In: Economics
How does the financial strength of an organization influence decision making and outcomes?
The Decision-making process of an organization is affected by
several factors including its objective, vision and mission
statement, and availability of resources. Many of the same factors
affecting decision making apply, from simple decisions to complex
solutions that can make or break a business. The financial aspect
of an organization also plays a very crucial role in the
decision-making process and the outcome. The financial aspect of an
organization mainly governs its investing, lending, and corporate
governance decisions. The financial aspect of the organization is
of great importance to practicing managers. The most crucial
decisions for business are related to finance.
There exist an inseparable relationship between finance on the one
hand and production, marketing, and other function on the other.

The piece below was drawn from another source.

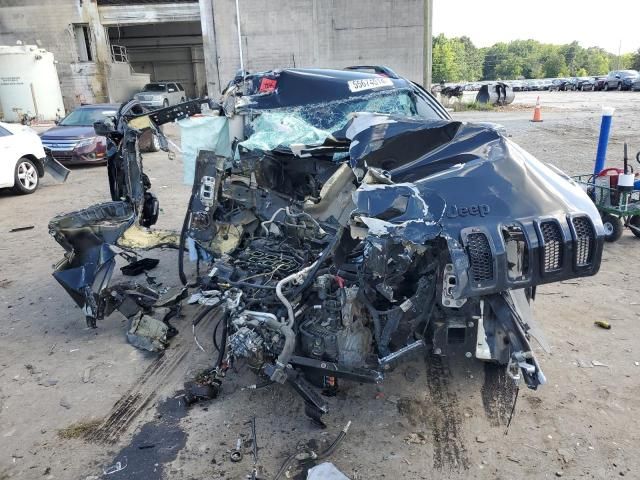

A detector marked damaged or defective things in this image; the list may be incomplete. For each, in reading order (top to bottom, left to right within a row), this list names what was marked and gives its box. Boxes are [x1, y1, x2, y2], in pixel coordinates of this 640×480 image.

Almost all kinds of business activities directly or indirectly,
involve the acquisition and use of funds. The function of raising
and using money has a significant effect on other functions, yet it
need not necessarily limit or constraint the general running of the
business. A company in a tight financial position will give more
weight to financial consideration, and devise its marketing and
production strategies in the light of the financial constraint. On
the other hand, management of a company that has a regular supply
of funds will be more flexible in formulating its production and
marketing policies.
Investing decisions of a company largely depend on the company’s
accounting statements including balance sheet and profit and loss
account. It helps in understanding the financial health of the
company. It would also help to determine whether starting a project
or a new business division would be feasible or not.
Lending decisions of a company would be governed by the financial
ratios of the company like debt-to-equity ratio, fixed asset ratio,
interest coverage ratio, etc. Creditors, banks or other financial
institutions would analyze a firm’s financial ratios before lending
them money.
Corporate governance activities of a firm are also influenced by a
company’s financial accounting practices. The managers need to
consider the financial aspects of the organization for taking the
budgeting decisions. Besides it is also crucial to determine the
firm’s short as well as long term business strategies.